## [Provided material]
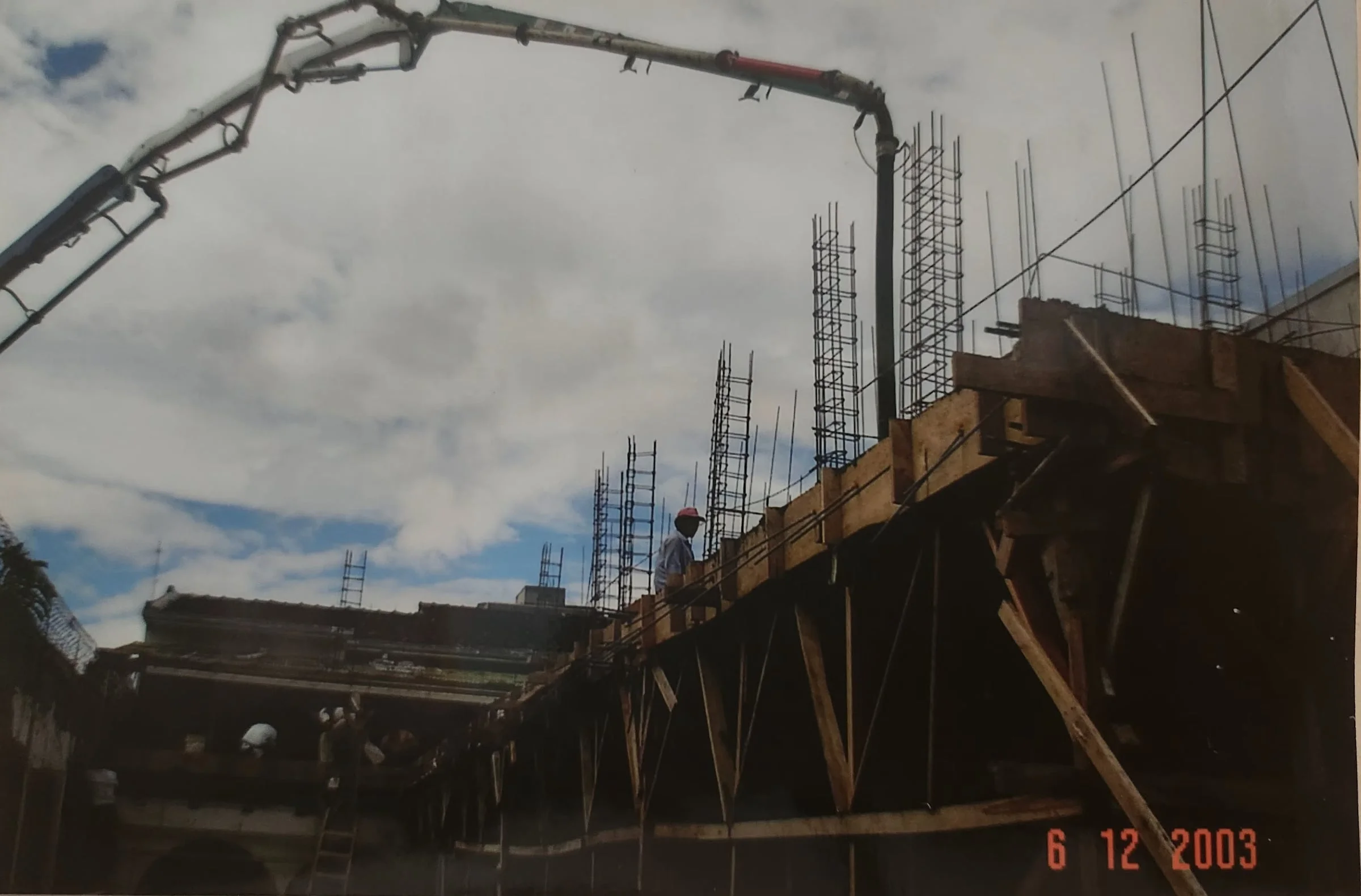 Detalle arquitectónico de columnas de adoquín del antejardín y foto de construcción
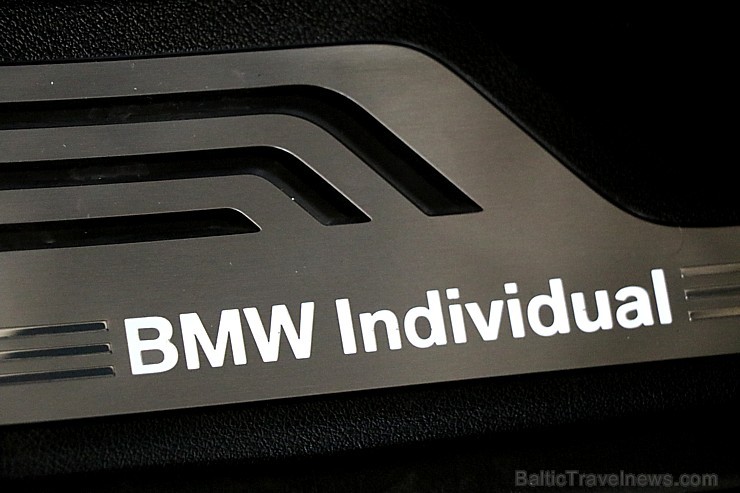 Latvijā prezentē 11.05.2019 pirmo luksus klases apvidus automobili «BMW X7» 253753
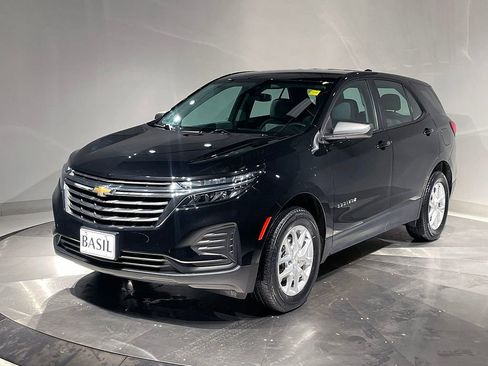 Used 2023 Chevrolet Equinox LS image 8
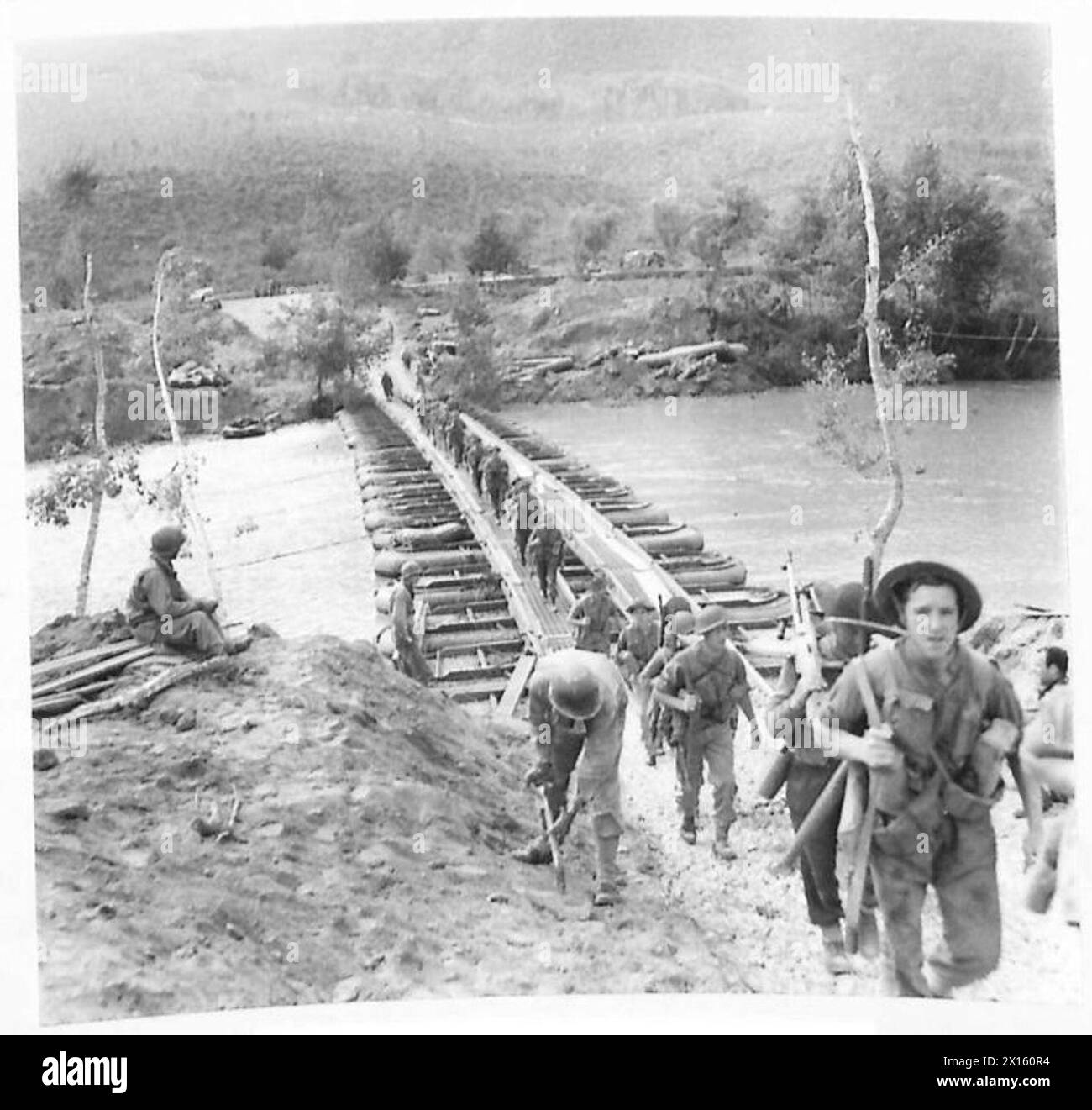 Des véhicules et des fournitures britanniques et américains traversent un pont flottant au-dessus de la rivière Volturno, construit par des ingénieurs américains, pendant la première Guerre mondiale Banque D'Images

## [Aim of the task]
Each line above is to be repeated exactly as written; no picture is carried over.

## [Task output]
 Detalle arquitectónico de columnas de adoquín del antejardín y foto de construcción
 Latvijā prezentē 11.05.2019 pirmo luksus klases apvidus automobili «BMW X7» 253753
 Used 2023 Chevrolet Equinox LS image 8
 Des véhicules et des fournitures britanniques et américains traversent un pont flottant au-dessus de la rivière Volturno, construit par des ingénieurs américains, pendant la première Guerre mondiale Banque D'Images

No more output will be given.